**Work to complete:**
Only one portion of the data is to be written out: from the line bearing "Los famosos disfrutaron" through the line bearing "Diana Chitra Hasan, M.Hum., M.Ed., Ph.D, Dekan". Write it exactly as it appears.
** Exercise data follows **
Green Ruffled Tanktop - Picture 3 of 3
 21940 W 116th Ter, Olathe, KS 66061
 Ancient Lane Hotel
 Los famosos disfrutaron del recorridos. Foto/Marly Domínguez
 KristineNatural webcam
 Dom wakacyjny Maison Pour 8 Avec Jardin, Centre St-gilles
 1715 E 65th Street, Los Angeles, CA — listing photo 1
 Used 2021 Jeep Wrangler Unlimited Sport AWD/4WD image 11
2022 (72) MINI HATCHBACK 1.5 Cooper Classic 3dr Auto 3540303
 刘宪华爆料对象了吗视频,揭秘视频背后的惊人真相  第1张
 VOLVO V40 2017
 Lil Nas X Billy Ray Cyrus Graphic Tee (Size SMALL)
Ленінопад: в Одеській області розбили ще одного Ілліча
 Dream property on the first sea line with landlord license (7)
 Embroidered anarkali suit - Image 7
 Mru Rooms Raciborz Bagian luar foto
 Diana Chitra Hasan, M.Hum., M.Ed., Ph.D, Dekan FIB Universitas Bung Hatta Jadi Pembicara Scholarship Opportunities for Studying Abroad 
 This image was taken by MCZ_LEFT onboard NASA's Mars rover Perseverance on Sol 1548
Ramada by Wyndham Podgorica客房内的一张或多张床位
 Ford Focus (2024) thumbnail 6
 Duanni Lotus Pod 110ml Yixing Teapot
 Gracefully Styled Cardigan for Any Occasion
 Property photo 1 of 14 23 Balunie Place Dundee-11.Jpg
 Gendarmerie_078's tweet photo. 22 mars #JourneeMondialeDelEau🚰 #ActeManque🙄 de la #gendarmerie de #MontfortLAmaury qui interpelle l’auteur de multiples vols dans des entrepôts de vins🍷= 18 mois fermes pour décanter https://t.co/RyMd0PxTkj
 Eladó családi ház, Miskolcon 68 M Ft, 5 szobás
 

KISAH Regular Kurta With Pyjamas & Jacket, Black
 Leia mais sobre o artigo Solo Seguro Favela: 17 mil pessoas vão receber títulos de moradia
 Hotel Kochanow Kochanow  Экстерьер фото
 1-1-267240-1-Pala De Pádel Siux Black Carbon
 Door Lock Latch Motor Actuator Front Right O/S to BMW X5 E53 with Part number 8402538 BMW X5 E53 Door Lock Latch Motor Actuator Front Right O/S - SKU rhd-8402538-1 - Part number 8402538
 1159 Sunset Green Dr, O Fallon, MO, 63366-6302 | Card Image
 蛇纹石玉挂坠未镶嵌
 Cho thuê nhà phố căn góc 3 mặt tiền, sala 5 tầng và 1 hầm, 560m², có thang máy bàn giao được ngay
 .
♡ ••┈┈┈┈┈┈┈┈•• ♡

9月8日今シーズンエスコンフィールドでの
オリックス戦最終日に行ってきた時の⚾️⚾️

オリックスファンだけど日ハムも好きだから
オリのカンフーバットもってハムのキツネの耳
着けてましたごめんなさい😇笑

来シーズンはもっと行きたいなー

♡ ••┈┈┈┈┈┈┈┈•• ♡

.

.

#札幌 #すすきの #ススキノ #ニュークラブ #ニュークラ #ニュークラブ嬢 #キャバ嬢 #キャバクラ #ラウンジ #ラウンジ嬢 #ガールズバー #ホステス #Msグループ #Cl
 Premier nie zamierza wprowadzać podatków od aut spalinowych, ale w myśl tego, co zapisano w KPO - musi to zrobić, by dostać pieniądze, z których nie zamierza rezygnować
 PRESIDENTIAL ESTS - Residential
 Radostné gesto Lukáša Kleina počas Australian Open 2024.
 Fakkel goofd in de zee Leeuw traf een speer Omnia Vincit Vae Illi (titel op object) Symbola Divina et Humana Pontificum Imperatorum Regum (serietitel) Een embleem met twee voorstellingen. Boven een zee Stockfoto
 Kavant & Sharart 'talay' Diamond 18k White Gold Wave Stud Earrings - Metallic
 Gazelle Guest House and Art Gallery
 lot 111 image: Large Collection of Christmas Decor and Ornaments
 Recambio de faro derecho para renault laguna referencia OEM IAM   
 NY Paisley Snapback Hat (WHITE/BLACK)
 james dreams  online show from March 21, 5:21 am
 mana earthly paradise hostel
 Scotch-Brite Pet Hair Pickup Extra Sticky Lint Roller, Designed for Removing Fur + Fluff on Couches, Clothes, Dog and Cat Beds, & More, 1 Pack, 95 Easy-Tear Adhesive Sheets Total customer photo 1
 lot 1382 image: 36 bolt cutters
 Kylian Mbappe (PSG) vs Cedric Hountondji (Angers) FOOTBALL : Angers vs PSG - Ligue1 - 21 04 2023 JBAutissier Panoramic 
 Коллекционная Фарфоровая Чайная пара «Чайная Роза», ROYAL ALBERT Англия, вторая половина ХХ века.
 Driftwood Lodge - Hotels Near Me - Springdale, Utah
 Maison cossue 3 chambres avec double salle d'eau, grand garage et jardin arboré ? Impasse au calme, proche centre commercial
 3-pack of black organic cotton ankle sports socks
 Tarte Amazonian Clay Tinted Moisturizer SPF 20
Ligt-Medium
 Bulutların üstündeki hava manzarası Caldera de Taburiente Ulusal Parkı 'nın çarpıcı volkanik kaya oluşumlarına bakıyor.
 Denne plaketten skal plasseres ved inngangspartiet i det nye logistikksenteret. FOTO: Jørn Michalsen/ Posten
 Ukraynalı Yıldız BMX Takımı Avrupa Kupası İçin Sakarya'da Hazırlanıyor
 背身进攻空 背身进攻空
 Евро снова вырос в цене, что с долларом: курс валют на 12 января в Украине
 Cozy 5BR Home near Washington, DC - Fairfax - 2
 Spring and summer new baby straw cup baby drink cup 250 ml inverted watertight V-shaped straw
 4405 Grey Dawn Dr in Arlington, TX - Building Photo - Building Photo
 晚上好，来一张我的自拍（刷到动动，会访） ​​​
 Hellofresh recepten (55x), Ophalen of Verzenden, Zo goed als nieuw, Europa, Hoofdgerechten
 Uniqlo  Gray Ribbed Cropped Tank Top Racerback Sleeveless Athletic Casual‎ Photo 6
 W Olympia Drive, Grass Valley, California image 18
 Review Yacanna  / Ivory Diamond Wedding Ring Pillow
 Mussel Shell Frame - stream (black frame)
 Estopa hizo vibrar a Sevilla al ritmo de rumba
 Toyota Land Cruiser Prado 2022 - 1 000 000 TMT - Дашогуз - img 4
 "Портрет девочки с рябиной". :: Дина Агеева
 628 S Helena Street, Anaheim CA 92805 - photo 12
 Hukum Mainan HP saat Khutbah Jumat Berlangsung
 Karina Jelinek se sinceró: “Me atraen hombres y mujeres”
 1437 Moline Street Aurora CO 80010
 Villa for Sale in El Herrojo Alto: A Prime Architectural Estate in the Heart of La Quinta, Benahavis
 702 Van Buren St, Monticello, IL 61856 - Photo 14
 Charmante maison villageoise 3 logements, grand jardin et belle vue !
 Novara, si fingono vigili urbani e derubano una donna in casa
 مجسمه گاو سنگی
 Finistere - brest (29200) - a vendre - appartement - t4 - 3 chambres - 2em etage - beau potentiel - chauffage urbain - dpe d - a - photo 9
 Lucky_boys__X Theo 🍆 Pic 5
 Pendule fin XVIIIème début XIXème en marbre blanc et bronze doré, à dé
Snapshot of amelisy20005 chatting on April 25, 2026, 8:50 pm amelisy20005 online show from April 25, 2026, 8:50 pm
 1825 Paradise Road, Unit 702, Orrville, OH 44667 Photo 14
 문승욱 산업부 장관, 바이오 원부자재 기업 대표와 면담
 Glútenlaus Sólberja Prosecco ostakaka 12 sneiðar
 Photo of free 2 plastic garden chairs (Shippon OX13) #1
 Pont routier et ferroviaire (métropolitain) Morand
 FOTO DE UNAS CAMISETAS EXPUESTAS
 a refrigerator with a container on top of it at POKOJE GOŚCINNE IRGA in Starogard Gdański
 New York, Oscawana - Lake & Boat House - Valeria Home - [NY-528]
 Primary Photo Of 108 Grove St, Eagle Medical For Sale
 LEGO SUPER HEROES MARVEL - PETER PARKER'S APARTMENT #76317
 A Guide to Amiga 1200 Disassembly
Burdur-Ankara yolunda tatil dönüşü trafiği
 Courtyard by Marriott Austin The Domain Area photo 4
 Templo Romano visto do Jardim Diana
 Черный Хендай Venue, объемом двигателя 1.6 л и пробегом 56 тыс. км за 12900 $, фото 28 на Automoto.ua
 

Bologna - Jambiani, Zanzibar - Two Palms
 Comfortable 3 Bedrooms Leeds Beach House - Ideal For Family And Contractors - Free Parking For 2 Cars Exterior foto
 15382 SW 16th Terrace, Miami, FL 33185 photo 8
** End of Exercise data **
**Response box:**
 Los famosos disfrutaron del recorridos. Foto/Marly Domínguez
 KristineNatural webcam
 Dom wakacyjny Maison Pour 8 Avec Jardin, Centre St-gilles
 1715 E 65th Street, Los Angeles, CA — listing photo 1
 Used 2021 Jeep Wrangler Unlimited Sport AWD/4WD image 11
2022 (72) MINI HATCHBACK 1.5 Cooper Classic 3dr Auto 3540303
 刘宪华爆料对象了吗视频,揭秘视频背后的惊人真相  第1张
 VOLVO V40 2017
 Lil Nas X Billy Ray Cyrus Graphic Tee (Size SMALL)
Ленінопад: в Одеській області розбили ще одного Ілліча
 Dream property on the first sea line with landlord license (7)
 Embroidered anarkali suit - Image 7
 Mru Rooms Raciborz Bagian luar foto
 Diana Chitra Hasan, M.Hum., M.Ed., Ph.D, Dekan FIB Universitas Bung Hatta Jadi Pembicara Scholarship Opportunities for Studying Abroad 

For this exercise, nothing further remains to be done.